__PROBLEM__. Once you reach the line that holds "The other most" in the listing below, output it and every line after it through the line that holds "To activate a", word for word.

BEGIN

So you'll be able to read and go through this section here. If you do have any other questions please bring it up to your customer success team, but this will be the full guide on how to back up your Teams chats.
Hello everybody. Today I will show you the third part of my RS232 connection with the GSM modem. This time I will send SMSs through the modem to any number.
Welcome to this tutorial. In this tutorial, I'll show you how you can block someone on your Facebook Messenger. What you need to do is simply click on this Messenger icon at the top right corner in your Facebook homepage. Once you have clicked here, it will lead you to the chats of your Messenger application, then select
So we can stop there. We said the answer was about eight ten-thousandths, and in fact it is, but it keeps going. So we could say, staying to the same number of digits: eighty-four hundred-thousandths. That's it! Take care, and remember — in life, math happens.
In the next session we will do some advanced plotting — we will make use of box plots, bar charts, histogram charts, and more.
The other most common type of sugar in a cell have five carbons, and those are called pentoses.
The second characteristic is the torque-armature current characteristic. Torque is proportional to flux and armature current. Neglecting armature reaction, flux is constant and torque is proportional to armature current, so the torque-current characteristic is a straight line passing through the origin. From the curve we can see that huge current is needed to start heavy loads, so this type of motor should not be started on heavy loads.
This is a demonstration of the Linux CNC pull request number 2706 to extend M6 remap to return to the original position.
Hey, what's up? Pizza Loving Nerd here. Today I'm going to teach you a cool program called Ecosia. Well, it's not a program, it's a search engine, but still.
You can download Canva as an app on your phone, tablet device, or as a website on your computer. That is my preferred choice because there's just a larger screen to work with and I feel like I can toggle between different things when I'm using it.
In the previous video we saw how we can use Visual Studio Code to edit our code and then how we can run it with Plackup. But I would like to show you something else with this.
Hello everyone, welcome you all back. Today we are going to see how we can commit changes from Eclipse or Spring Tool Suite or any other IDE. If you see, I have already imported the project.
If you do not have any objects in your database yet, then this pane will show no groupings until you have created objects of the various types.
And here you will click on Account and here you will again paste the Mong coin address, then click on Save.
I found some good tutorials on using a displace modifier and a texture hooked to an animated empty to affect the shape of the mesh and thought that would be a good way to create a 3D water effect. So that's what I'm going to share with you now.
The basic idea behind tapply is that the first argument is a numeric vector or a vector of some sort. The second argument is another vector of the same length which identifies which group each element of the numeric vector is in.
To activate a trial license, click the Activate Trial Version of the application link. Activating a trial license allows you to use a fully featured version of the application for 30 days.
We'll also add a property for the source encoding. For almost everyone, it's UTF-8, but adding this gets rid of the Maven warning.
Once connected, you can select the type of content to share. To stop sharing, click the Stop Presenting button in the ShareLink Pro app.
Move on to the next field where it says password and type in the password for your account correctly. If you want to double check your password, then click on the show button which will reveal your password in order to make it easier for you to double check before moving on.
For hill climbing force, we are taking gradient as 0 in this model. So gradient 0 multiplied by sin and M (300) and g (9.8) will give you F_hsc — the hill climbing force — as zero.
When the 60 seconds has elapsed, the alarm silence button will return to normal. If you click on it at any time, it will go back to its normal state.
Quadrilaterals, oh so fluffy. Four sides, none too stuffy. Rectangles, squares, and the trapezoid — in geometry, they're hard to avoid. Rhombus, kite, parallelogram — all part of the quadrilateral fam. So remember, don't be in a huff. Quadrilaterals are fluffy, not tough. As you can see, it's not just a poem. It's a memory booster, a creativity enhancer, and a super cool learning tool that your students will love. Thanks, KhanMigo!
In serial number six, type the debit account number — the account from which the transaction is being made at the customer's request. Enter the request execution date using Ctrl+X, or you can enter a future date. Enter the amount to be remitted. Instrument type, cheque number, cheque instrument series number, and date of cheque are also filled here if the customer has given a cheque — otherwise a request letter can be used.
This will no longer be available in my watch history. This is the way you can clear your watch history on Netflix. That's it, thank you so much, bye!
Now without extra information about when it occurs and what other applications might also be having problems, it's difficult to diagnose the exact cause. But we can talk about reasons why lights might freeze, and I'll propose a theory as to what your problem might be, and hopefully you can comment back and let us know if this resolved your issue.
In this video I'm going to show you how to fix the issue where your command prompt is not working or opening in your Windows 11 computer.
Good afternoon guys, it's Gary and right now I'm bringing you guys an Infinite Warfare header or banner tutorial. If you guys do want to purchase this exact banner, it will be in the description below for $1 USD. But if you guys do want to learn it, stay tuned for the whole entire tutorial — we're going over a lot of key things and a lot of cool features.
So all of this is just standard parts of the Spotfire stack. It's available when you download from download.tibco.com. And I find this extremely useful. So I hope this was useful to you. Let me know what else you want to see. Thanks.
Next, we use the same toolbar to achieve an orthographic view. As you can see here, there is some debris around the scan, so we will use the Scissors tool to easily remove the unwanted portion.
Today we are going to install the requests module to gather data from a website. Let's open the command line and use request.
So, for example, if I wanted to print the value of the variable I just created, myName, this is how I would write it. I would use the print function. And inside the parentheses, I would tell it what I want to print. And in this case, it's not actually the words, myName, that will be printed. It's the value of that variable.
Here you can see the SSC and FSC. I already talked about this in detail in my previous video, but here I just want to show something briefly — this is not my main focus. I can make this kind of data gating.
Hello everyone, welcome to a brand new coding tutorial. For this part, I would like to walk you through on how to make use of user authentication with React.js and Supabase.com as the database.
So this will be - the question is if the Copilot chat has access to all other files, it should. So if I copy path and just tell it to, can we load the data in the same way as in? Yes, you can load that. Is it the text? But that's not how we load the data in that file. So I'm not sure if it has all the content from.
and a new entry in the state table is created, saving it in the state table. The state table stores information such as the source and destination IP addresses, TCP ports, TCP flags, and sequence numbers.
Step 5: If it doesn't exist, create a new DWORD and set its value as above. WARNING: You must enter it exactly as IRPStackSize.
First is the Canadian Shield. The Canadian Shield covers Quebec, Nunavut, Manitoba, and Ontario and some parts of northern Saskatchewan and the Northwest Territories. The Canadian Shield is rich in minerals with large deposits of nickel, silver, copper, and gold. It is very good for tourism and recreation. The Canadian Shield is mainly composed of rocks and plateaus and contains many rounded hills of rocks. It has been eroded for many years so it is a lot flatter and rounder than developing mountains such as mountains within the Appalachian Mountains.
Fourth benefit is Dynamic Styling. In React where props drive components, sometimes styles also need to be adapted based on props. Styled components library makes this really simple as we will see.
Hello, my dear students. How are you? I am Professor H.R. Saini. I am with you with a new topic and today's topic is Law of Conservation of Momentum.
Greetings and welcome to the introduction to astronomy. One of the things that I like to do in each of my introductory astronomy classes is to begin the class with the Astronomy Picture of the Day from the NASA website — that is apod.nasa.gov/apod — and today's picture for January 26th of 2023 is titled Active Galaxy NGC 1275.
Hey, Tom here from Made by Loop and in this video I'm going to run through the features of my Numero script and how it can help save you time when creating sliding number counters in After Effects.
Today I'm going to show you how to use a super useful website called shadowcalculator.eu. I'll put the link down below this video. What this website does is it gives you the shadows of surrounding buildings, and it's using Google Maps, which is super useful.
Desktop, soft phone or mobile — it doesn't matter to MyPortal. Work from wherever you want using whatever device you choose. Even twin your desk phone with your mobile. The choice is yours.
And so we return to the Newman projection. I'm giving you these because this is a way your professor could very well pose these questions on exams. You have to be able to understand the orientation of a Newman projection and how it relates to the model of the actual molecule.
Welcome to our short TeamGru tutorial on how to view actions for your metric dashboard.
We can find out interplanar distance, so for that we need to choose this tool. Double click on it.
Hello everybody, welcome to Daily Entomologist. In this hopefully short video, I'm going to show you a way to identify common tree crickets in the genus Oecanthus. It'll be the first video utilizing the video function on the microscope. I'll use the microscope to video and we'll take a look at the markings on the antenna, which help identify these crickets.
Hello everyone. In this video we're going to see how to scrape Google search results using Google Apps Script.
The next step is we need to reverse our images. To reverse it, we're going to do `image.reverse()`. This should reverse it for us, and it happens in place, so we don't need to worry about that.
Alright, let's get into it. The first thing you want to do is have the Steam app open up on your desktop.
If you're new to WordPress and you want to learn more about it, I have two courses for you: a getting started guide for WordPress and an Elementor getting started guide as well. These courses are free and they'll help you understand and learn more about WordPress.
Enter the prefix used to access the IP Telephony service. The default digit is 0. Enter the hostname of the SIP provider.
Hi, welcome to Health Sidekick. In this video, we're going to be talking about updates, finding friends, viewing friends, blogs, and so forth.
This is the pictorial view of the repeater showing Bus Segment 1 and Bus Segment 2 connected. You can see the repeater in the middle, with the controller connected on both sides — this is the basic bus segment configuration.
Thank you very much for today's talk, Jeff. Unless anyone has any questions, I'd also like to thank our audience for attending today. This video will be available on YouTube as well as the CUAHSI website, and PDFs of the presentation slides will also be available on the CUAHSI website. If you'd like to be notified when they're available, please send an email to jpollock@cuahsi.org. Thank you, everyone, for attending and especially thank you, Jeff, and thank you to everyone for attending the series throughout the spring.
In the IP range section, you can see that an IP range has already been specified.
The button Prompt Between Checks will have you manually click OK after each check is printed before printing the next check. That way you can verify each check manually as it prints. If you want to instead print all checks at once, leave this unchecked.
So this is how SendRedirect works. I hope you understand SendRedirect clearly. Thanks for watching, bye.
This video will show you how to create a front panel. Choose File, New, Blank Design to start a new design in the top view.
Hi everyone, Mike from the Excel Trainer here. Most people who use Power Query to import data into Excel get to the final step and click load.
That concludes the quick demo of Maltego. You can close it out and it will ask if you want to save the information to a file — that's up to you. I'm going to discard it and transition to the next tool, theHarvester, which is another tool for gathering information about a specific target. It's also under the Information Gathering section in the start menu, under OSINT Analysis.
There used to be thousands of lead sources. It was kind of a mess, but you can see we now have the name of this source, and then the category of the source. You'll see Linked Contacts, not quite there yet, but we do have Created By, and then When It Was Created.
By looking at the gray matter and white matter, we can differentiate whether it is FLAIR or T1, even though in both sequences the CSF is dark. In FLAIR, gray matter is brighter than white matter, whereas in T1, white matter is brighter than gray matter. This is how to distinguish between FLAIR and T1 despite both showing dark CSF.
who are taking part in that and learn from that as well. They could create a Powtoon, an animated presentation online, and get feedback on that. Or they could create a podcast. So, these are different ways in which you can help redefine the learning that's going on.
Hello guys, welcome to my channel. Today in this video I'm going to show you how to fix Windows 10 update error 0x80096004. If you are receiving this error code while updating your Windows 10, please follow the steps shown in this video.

END

__RESULT__.
The other most common type of sugar in a cell have five carbons, and those are called pentoses.
The second characteristic is the torque-armature current characteristic. Torque is proportional to flux and armature current. Neglecting armature reaction, flux is constant and torque is proportional to armature current, so the torque-current characteristic is a straight line passing through the origin. From the curve we can see that huge current is needed to start heavy loads, so this type of motor should not be started on heavy loads.
This is a demonstration of the Linux CNC pull request number 2706 to extend M6 remap to return to the original position.
Hey, what's up? Pizza Loving Nerd here. Today I'm going to teach you a cool program called Ecosia. Well, it's not a program, it's a search engine, but still.
You can download Canva as an app on your phone, tablet device, or as a website on your computer. That is my preferred choice because there's just a larger screen to work with and I feel like I can toggle between different things when I'm using it.
In the previous video we saw how we can use Visual Studio Code to edit our code and then how we can run it with Plackup. But I would like to show you something else with this.
Hello everyone, welcome you all back. Today we are going to see how we can commit changes from Eclipse or Spring Tool Suite or any other IDE. If you see, I have already imported the project.
If you do not have any objects in your database yet, then this pane will show no groupings until you have created objects of the various types.
And here you will click on Account and here you will again paste the Mong coin address, then click on Save.
I found some good tutorials on using a displace modifier and a texture hooked to an animated empty to affect the shape of the mesh and thought that would be a good way to create a 3D water effect. So that's what I'm going to share with you now.
The basic idea behind tapply is that the first argument is a numeric vector or a vector of some sort. The second argument is another vector of the same length which identifies which group each element of the numeric vector is in.
To activate a trial license, click the Activate Trial Version of the application link. Activating a trial license allows you to use a fully featured version of the application for 30 days.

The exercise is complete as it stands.